A small corpus of 375 Swedish sentences with second language (L2) learning level annotations. The levels follow the scale of the Common European Framework of Reference for Languages (CEFR https://www.coe.int/en/web/common-european-framework-reference-languages/level-descriptions).
Sentences numbered 1-285 are corpus examples collected from Korp from generic Swedish corpora (e.g. newspaper texts and novels). The CEFR level annotations are derived from the user evaluation of a corpus example selection system, HitEx (https://spraakbanken.gu.se/larka/hitex), where L2 Swedish teachers evaluated the sentences and their atomatically assigned CEFR levels. For more information about the user evaluation see the following paper: http://www.atala.org/content/candidate-sentence-selection-language-learning-exercises-comprehensive-framework-empirical.

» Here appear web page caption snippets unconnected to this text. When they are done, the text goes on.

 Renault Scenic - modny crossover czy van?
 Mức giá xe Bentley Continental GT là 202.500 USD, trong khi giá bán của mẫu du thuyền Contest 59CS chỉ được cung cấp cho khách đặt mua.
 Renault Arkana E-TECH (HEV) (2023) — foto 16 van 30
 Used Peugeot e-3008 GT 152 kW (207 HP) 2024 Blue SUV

The sentences included in this dataset have been filtered for their well-formedness, independence from the rest of their textual context and some additional lexical and structural criteria (e.g. abbreviations, interrogative form) using HitEx. From the original evaluation data only those sentences have been included that: (i) that were found overall suitable (with an evaluation score >= 2.5 out of 4); and (ii) where a majority of teachers agreed with the CEFR level assigned automatically by our system.

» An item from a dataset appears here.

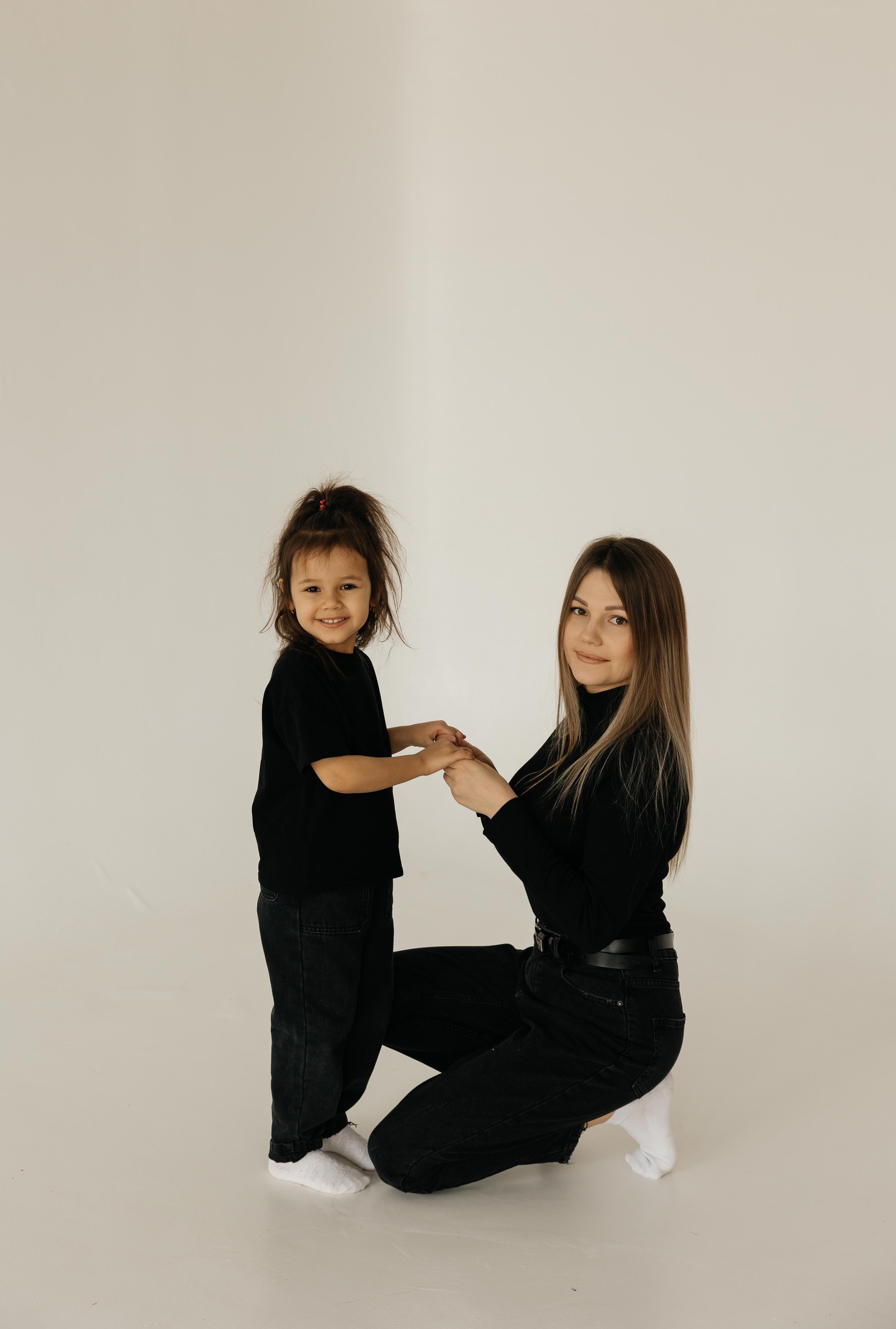 Семейная фотосессия для Наваи и Насти. Свадебный и семейный фотограф Рассказова Виктория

Sentences 286-375 are individually occurring sentences collected from the COCTAILL corpus (https://spraakbanken.gu.se/eng/resource/coctaill) consisting of L2 Swedish coursebook texts.
Number of sentences per CEFR level in the resource:
A1 8 + 90 (from COCTAILL)
A2 81
B1 59
B2 92
C1 45
The resource can be easily equipped with a wide variety of linguistic annotations using the Sparv (https://spraakbanken.gu.se/sparv/) pipeline both via a GUI or an API.